The police or anyone else will have no greater power to examine
health records than they do now. The process needs a court order
and is thus subject to judicial review.
It is common knowledge that any database of information from
banks to the Ministry of Defence are subject from time to time to
attempts at unauthorised access. Something an IT journalist should
be aware of. It is part of the modern electronic world such as
spamming and other unsolicited e-mails. The most stringent security
measures will protect all electronic health records.
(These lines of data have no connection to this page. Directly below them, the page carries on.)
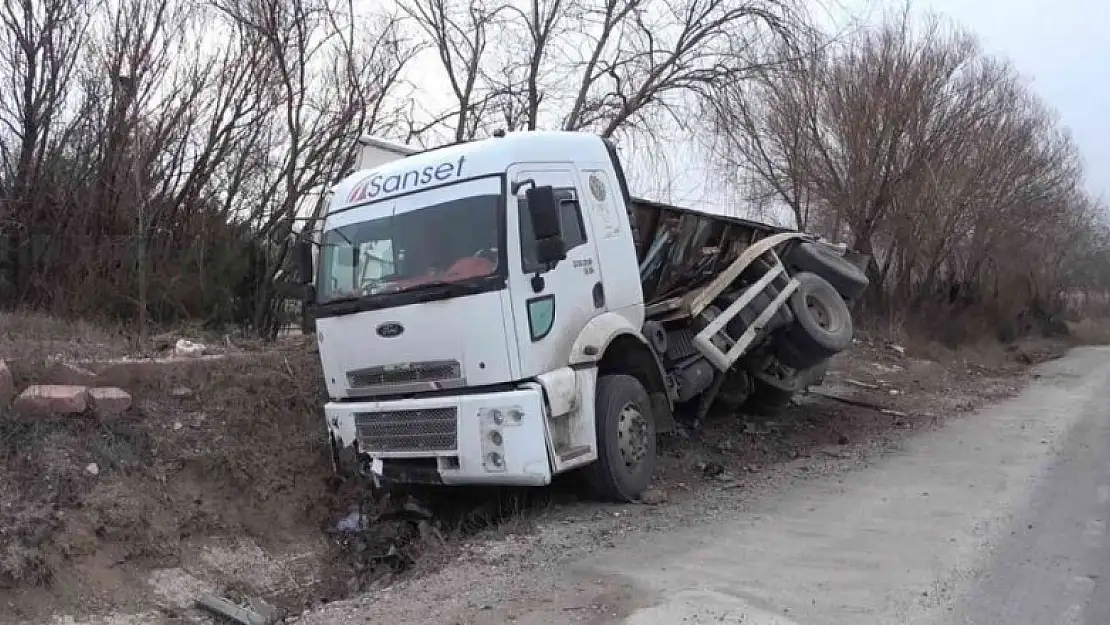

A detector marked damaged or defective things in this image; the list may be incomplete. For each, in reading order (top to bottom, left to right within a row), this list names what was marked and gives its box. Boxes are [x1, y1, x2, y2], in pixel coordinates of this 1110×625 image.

crashed white truck [294, 129, 868, 500]
exposed truck wheel [776, 270, 856, 368]
exposed truck wheel [788, 241, 872, 302]
damaged front bumper [328, 386, 556, 488]
exposed truck wheel [592, 372, 660, 500]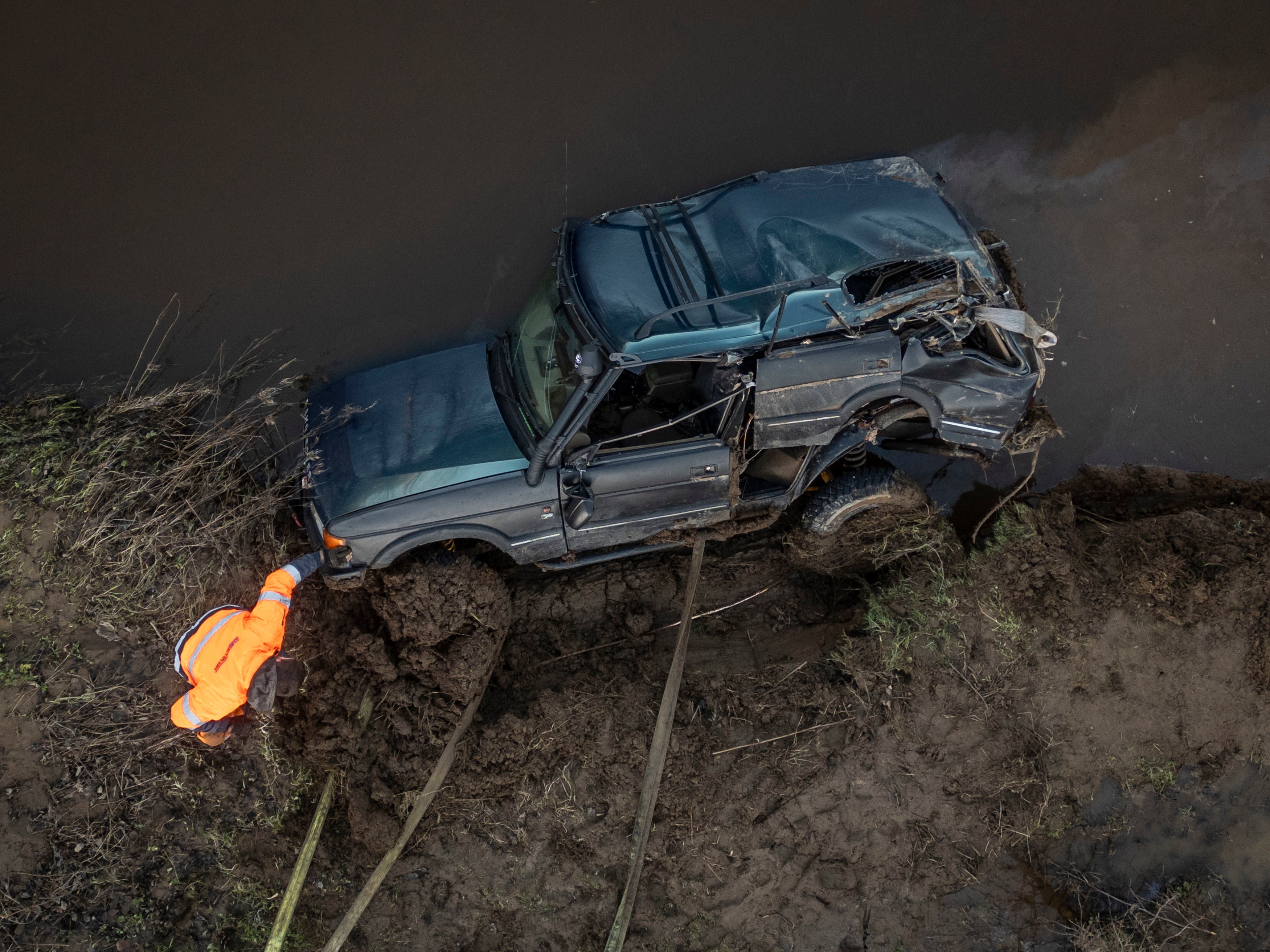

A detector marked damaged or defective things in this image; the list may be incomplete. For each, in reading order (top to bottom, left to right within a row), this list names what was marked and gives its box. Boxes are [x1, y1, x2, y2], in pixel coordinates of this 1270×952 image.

shattered windshield [508, 267, 589, 432]
wrecked suv [298, 158, 1051, 572]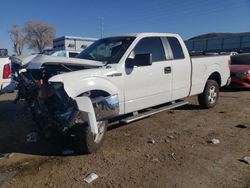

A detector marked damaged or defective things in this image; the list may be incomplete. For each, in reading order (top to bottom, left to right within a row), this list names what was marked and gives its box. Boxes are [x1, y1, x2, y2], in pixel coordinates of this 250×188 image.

damaged front end [13, 67, 119, 135]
It is a great disappointment to have to complain of such an
abuse of trust, which will make it more difficult for CW world
(sic) to achieve the factually (sic) accuracy I am sure it strives
for.
Scientific contribution
Glyn Hayes
Family physician, chairman, Health Informatics Committee of
the British Computer Society
The British Computer Society's Health Informatics Committee is
extremely concerned at the cheap headline-grabbing nature of the
reporting in Computer Weekly of the discussions that took place at
our recent meeting. This meeting was a scientific contribution to
the development of the National Programme for IT in the NHS and as
such had a balanced and constructive series of workshops which were
aimed to assist in the successful implementation of the programme.
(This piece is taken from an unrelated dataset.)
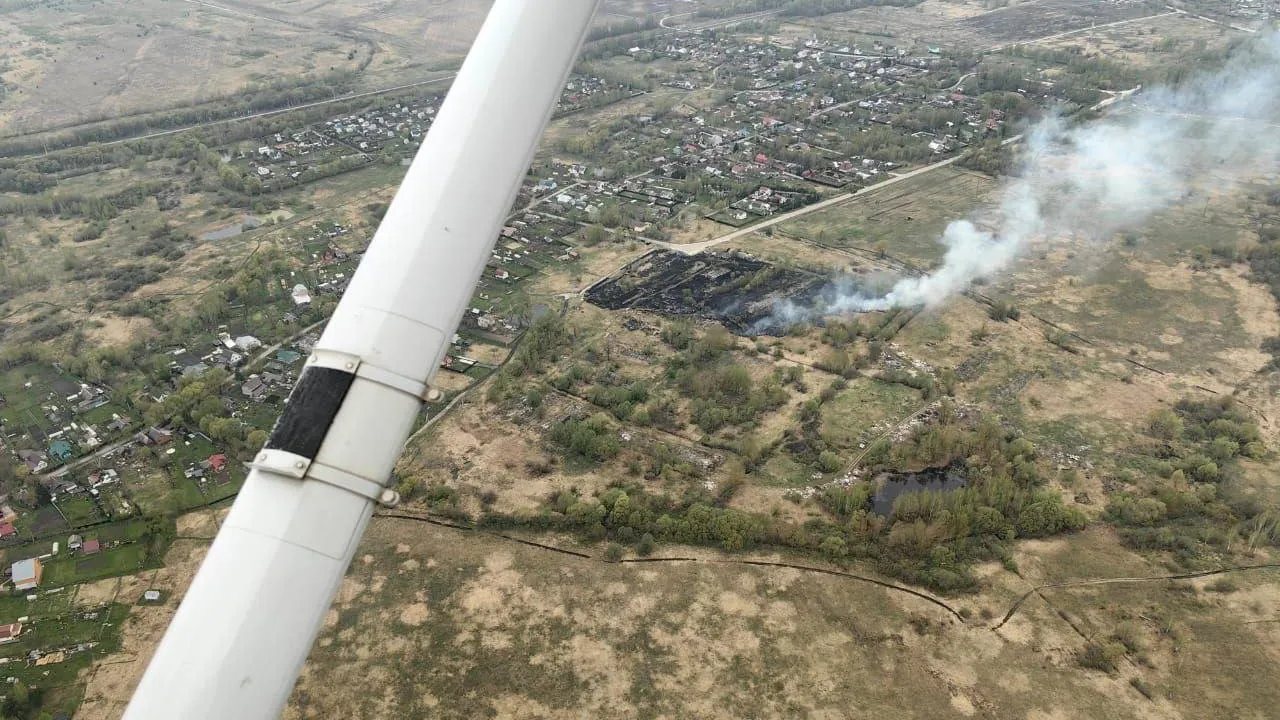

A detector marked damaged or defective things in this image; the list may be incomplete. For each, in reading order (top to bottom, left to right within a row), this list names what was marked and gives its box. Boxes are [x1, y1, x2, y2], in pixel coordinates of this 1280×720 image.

fire damage [584, 250, 824, 334]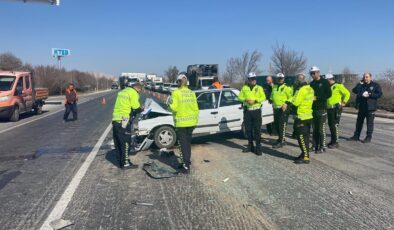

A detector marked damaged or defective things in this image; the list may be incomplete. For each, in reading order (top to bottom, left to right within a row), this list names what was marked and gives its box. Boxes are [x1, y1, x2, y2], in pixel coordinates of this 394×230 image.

crumpled hood [143, 98, 171, 115]
wrecked white car [136, 88, 274, 149]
Your reporting and in particular your headlines only concentrated
on one side of what took place.
My comments about the possibilities for problems around the
confidentiality requirements of the new systems were designed to
explore in a reasoned fashion, how clinical staff might work. The
debate which took place following these comments produce a very
different viewpoint than that reported. Thus my comments were taken
out of context and have been used to raise unfounded anxieties
amongst NHS staff and patients.
I raised the possibility that it would take staff time to cope
with these confidentiality constraints and the discussion agreed
that this was why the national programme had decreed they needed a
phased implementation. The only proposal which thus arose was the
need to evaluate these phases at each stage during the five-year
implementation to ascertain whether they do cause problems and
modify them in the light of experience. This phasing and evaluation
are not mentioned, yet they are a fundamental point.
It was pointed out very strongly at the meeting that effective
and rigorous confidentiality constraints are an essential
requirement if we are to keep patient confidence. No one objected
to the need to share patient data if we are to use IT systems to
improve patient care. Patients themselves find it ridiculous in
this modern age that their records are not available to those who
care for them wherever they are within the NHS. The idea that
"doctors would boycott such systems" was not raised at the meeting
and is inaccurate.
I would also take issue with the comment that the proposals are
"secret". Everyone at the meeting had had access to the report and
I commented in my opening speech that arrangements are in place to
make it public.
There is a basic inconsistency with two of your reports. On the
front page you state that the confidentiality requirements are too
strong and in a later report you say that there is danger in
patient data being held in the National Spine without patient
consent! It was quite clearly stated that patients will have to
give their consent before any data can be used by anyone for any
purpose.
It is extremely worrying if experts in the field cannot debate
these very important issues without inaccurate and unbalanced
reporting. All such reporting does is stifle the real debates we
need if we are to ensure that we are successful in realising the
huge benefits in care that IT can deliver. Widespread informed
debate is needed; ill-informed scaremongering is not.